Monday, September 7, 2009

Haddam, Connecticut's sad sack shad shack

The mighty shad, pride of Connecticut

Spencer's -- Connecticut's last shad shack

Haddam, Connecticut is a beautiful small town along the eastern side of the Connecticut River. On Route 154, just up the road from the area's landmark Goodspeed Opera House, sits a curious dwelling amid all the finely kept wooded yards and expensive upper class homes: a dilapidated hut with "Spencer's Haddam Shad Shack" painted in big letters on three sides of it. According to the Haddam Historical Society's website, Spencer's has been a local landmark since 1930, and is open on a seasonal basis when the shad are running.

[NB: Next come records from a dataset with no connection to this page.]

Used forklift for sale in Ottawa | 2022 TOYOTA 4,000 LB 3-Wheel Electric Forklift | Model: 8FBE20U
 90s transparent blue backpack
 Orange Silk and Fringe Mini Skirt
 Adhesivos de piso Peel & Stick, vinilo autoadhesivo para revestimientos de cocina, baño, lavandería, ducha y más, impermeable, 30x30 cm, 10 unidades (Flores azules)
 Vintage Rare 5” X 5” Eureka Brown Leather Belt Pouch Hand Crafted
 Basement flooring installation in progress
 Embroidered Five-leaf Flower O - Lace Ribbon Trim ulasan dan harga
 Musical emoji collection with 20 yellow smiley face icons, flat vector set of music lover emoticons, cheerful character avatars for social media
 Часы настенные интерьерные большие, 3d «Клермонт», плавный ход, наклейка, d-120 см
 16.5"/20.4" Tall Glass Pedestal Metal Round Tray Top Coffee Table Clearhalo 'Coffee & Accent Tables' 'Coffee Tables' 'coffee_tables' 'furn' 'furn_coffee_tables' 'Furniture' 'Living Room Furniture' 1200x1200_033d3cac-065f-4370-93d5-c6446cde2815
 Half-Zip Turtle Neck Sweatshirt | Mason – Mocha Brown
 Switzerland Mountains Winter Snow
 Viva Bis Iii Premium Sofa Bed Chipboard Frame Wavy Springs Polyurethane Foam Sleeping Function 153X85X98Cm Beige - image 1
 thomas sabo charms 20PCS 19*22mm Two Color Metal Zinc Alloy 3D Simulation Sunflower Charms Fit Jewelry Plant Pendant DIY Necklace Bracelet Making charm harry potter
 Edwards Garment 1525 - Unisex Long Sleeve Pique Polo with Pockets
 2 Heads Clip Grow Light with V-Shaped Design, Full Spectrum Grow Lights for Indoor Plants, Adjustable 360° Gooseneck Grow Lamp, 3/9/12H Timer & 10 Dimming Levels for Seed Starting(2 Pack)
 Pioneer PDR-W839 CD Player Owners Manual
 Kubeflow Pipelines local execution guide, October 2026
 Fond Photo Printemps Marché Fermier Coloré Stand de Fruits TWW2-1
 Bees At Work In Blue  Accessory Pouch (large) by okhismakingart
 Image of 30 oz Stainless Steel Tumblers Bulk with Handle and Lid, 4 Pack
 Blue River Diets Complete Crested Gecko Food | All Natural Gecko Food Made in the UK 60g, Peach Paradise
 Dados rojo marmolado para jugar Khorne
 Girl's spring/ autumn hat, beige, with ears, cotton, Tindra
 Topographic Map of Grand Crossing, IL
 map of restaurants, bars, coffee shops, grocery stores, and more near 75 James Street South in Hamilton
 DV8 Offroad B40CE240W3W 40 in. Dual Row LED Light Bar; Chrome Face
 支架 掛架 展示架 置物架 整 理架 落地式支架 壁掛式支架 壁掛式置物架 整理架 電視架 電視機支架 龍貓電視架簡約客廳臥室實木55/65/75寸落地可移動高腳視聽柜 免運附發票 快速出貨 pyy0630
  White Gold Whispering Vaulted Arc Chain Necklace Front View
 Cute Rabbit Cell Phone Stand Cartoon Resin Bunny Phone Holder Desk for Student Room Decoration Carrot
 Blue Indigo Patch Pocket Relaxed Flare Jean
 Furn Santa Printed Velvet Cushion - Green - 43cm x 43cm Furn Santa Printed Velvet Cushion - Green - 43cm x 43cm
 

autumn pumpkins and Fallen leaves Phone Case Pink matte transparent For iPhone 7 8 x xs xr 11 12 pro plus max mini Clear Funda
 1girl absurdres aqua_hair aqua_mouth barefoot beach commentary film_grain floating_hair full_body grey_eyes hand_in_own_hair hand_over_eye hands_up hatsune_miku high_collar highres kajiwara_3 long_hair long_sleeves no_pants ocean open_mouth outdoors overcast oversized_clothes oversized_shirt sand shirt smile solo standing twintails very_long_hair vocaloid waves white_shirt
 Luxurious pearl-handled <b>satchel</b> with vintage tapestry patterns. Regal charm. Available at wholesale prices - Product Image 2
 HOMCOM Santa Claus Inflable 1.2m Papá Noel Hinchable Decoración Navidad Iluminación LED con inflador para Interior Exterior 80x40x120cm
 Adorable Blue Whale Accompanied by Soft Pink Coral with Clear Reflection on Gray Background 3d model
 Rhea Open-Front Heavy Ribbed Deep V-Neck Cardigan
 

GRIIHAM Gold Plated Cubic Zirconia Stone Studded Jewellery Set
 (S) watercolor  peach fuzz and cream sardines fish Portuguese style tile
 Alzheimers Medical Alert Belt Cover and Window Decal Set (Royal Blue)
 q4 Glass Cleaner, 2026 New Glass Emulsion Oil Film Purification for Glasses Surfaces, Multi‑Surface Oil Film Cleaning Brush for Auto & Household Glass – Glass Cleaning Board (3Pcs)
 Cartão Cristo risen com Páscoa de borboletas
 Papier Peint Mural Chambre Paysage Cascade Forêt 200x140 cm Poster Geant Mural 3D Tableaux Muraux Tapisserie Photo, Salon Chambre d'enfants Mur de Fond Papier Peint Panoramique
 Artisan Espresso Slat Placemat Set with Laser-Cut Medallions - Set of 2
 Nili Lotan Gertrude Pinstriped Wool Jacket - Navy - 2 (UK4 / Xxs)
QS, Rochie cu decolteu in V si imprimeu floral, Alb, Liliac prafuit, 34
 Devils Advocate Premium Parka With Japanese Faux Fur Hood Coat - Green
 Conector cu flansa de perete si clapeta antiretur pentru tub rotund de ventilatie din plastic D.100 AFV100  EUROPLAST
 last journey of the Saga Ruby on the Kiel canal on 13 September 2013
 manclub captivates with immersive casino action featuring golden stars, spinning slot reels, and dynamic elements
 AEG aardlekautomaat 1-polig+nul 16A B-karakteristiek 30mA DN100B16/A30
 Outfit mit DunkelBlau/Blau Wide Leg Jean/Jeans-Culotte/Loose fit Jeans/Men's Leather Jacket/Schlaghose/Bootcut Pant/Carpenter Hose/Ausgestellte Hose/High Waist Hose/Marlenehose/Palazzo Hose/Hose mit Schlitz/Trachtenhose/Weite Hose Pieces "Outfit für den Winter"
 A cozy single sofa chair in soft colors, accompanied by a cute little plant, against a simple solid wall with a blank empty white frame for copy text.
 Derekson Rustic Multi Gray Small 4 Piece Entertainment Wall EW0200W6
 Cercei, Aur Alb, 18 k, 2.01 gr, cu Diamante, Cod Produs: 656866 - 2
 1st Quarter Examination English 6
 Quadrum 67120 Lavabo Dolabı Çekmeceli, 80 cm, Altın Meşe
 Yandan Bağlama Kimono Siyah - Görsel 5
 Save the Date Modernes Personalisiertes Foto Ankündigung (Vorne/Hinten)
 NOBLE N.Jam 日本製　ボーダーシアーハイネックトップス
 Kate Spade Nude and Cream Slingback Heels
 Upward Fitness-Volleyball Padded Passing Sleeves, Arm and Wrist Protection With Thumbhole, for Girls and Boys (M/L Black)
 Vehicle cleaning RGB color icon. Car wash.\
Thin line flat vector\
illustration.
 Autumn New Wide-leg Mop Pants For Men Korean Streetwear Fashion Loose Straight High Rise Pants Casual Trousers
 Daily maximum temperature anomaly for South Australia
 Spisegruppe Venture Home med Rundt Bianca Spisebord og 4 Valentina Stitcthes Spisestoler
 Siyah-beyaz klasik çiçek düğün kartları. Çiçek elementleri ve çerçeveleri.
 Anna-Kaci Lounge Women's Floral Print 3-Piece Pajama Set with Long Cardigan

Shad have played an important role in the community's history and Spencer's is Connecticut's only remaining Shad Shack.

Apparently shad are a big deal in Connecticut (although I grew up in the state and never knew it). A quick Google search shows tons of websites devoted to it, the largest of the herring family and a favorite Connecticut River sportfish. It's the state fish of Connecticut and Haddam even has a shad museum.

Which brings us back to our sad little shack in Haddam. In certain communities along the Connecticut River, the spring run of shad are cause for celebration. It was a staple and savior of the Connecticut colonists and at one time there were lots of shad shacks. Could Connecticut's last shad shack be sleeping with the fishes? It doesn't look too promising, but who knows... Connecticut Yankees are a feisty bunch and not ones to part with their shad traditions lightly. If Haddam's shad shack is shuttered, it could be a shattering experience. Sha-doobee.


modbetty said...

aw, that is a sad sack of a shad shack! Say that ten times fast :-)

Gunnar and Sherry said...

Sad sack shad shack,
Shad sad shack shad,
Saddam, shaddam, hack...
I give up!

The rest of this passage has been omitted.